Pokorny began his lecture by establishing that all of us desire love. He said that men and women often get hurt in romantic situations and end up closing their hearts.
“If you’ve got one half of humanity closing their heart, and the other half of humanity closing their heart, what kind of world is that going to be? It’s the world we live in now,” Pokorny said.
Pokorny outlined reasons he believes we accept “counterfeit” or incomplete types of love. He painted a picture of a broken society, asserting that our culture poisons us with appealing but incorrect ideas about the body.
“That’s this notion going around on a lot of college campuses that believes this: person’s here, body’s here. So I can do whatever I want with my body, and it won’t affect my personhood,” Pokorny said.
The second half of Pokorny’s lecture focused on potential negative effects of pornography. According to Pokorny, the overstimulation that pornography provides can lead to desensitization, and the dopamine hit porn provides leads to the compulsion to keep viewing it. He alluded to several people he has worked with as a life coach who developed extreme pornography addictions.

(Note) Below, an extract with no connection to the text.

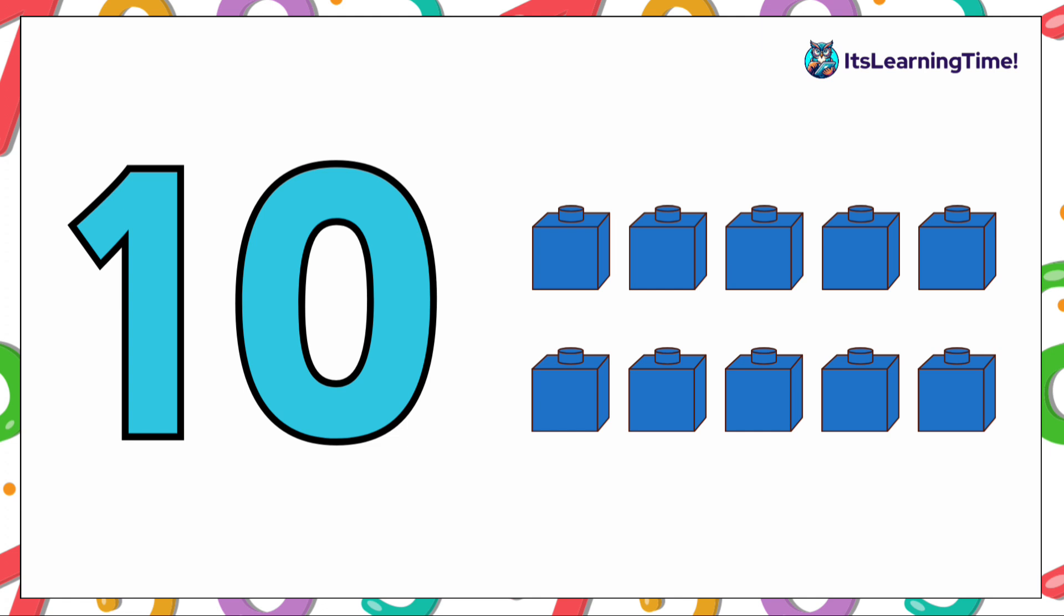Here we have ten blocks. Now let's see the other ways that number ten can be represented.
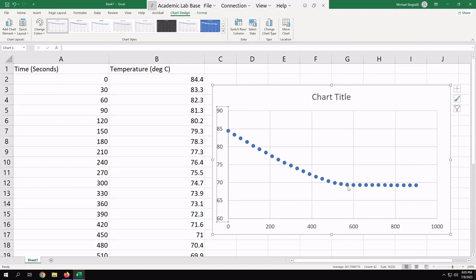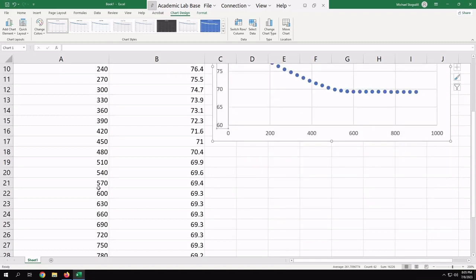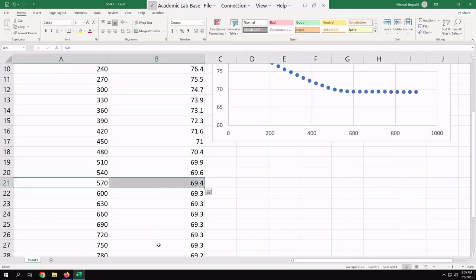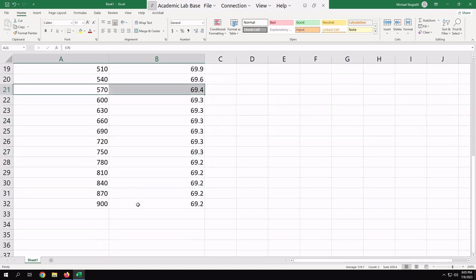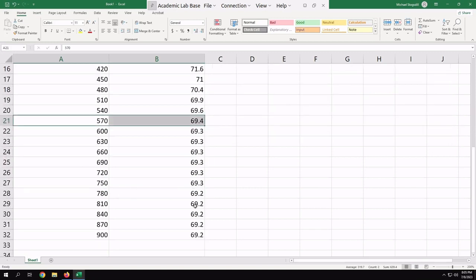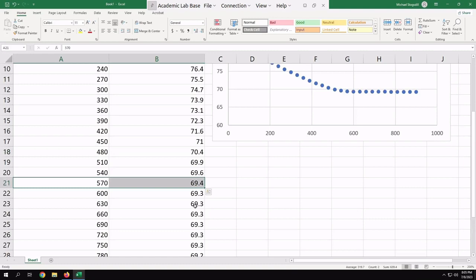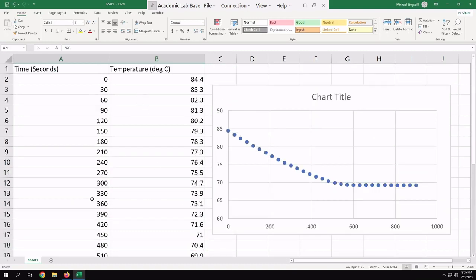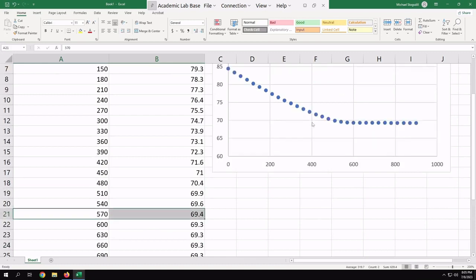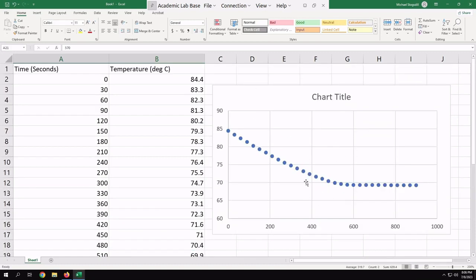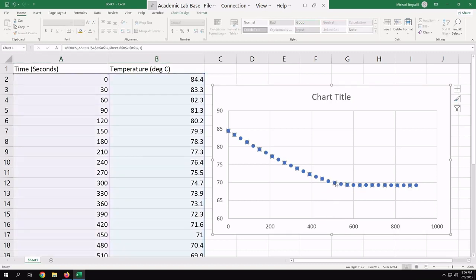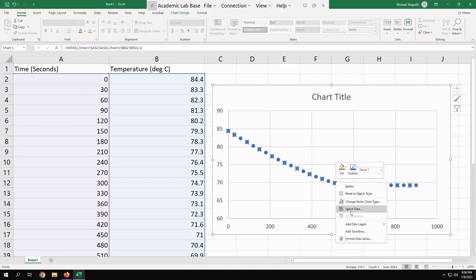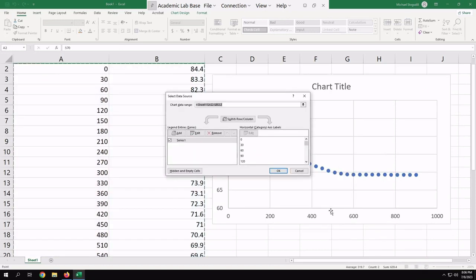It really doesn't matter. I mean this one's kind of in contention - is this in the flat one or is this in that one. It's not really going to matter a ton for this, but I would say that this is in the flat region. So what I'm going to do is I'm going to hover my cursor over that and I see that it says series 1, 570 and then it's got the point there 570, 69.4. So what that's telling us is that it's this point right here. And so this point and all the points after that are in the flat region, and all the points above it are in the cooling region. So what I need to do is actually get those into my graph as separate points.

“Pornography makes us stupid,” Pokorny said. “‘Maybe it’s OK to look at porn in my cubicle when people are walking by or to masturbate in my second period class.’ I’ve had both those clients.”
Pokorny also suggested a relationship between rape culture and pornography.
“Those dopamine receptors have shrunk, right? They need to [find] harder and harder stuff,” Pokorny said. “It’s creating a world of violence against women. If you’re concerned about a rape culture, perhaps on campus here, where does that activity come from?”
Pokorny also pointed out the link between pornography and sex trafficking. He cited a statistic from the advocacy group Thorn, which said that nearly half of sex trafficking victims report that pornography was made of them while they were in bondage.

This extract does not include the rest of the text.